Updated: 2013-10-08 23:16
By Wei Tian ( China Daily)

APEC member economies could work toward a common foreign currency reserve to promote regional financial stability, an expert says.

Finance Minister Lou Jiwei said during an Asia-Pacific Economic Cooperation gathering of finance ministers in Bali on Sept 20 that multilateral foreign-exchange swap arrangements may be put in place to support economies facing difficulties from "external shocks".

He did not give further details on which ministers had raised the idea or which countries the arrangement would support.

South Korean Finance Minister Hyun Oh-seok was quoted by The Wall Street Journal as saying the Chiang Mai Initiative is still highly important and it is best to strengthen it.

This initiative is a multilateral currency swap arrangement among APEC members as well as China, Japan and South Korea, which draws from a common foreign exchange reserve pool worth $240 billion.

Luo Yongkun, a researcher at the China Institute of Contemporary International Relations who specializes in Southeast Asia, said an expanded version of the Chiang Mai Initiative would help promote regional financial stability among APEC members.

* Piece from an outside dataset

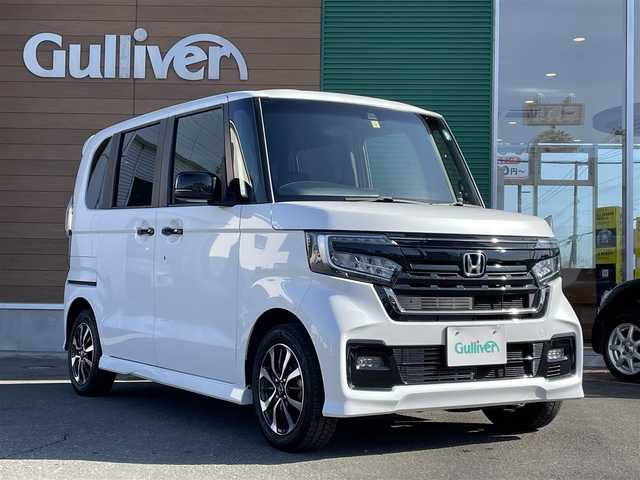 ホンダ Ｎ ＢＯＸ カスタム L ターボ スタイル+ブラック 道央・札幌 2022(令4)年 1.9万km プラチナホワイトパール 登録時走行距離18109ｋｍ/ワンオーナー/　４　Ｗ　Ｄ　/寒冷地仕様/ターボ車/純正ナビ（CD/DVD/FM/AM/BT/SD)/フルセグTV（走行中視聴不可）/バックカメラ/アイドリングストップ/ウィンカーミラー/クルーズコントロール（追従走行あり）/プッシュスタート/両側パワースライドドア/パーキングアシスト/パドルシフト/スペアキー×1/純正エンジンスターター（スマートキー一体型）/ベンチシート/純正フロアマット/シートヒーター（運転席/助手席）/横滑り防止装置/盗難防止装置/衝突軽減ブレーキ/コーナーセンサー/レーンキープアシスト/オートライト/オートマチックハイビーム/カーテンエアバッグ/フォグランプ/ステアリングスイッチ/革巻きステアリング/ヘッドライトレベライザー/ワイパー間欠時間コントローラー/ECONスイッチ/電動格納ミラー/ミラーヒーター/BRAKE HOLD/積込夏タイヤ付（スタイルブラック専用AW）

Yi Gang, deputy governor of the People's Bank of China, the central bank, said China has already signed currency swap agreements worth more than 1.4 trillion yuan ($229 billion) with the Association of Southeast Asia Nations.

Last Wednesday, during his visit to Indonesia, President Xi Jinping announced a 100 billion yuan-rupiah currency swap between China and Indonesia to promote trade settlements in local currencies.

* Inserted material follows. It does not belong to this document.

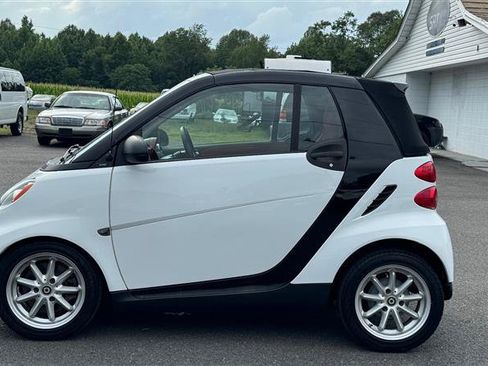 Used 2008 smart fortwo passion RWD image 9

Xi said the two countries are considering enlarging the scope of the deal — the continuation of an agreement signed in 2009.

He also called during the visit for the establishment of a bank among Asian countries to offer support on infrastructure construction, in an attempt to promote communication among developing nations in the region, including ASEAN member countries.

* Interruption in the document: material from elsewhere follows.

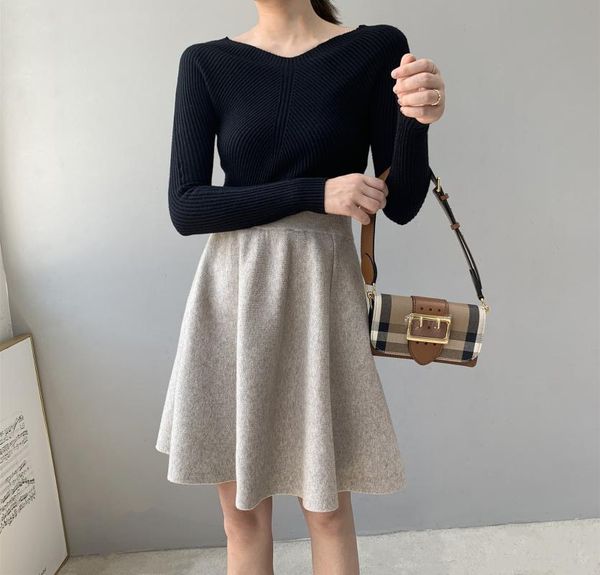 2021 luxury designer early autumn simple women's v leak back women's leaked back needle wholesale, White;black
2021 luxury designer early autumn simple women's v leak back women's leaked back needle wholesale, White;black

Although it is still at a very early stage, Luo said the multilateral currency swap mentioned by Finance Minister Lou could be considered as a source of funding for the infrastructure investment bank, but said this was only an assumption.

However, Luo said currency swaps among APEC members face challenges.

"First of all, it will be harder to coordinate among more members with different policies."

In the meantime, Luo said currency swaps among APEC members means there will be participation from the United States, and the operation of such a mechanism will be very much influenced by the US.

Moody's Investor Service said in its latest report, "In the five years since the onset of the global financial crisis, the performance of the sovereign ratings of the members of APEC has, in general, been of stability and strength."

However, Moody's said APEC members are facing several new challenges, including a subdued outlook for developed markets that constrains demand for the region's exports, and the resurgence of volatility in global capital markets.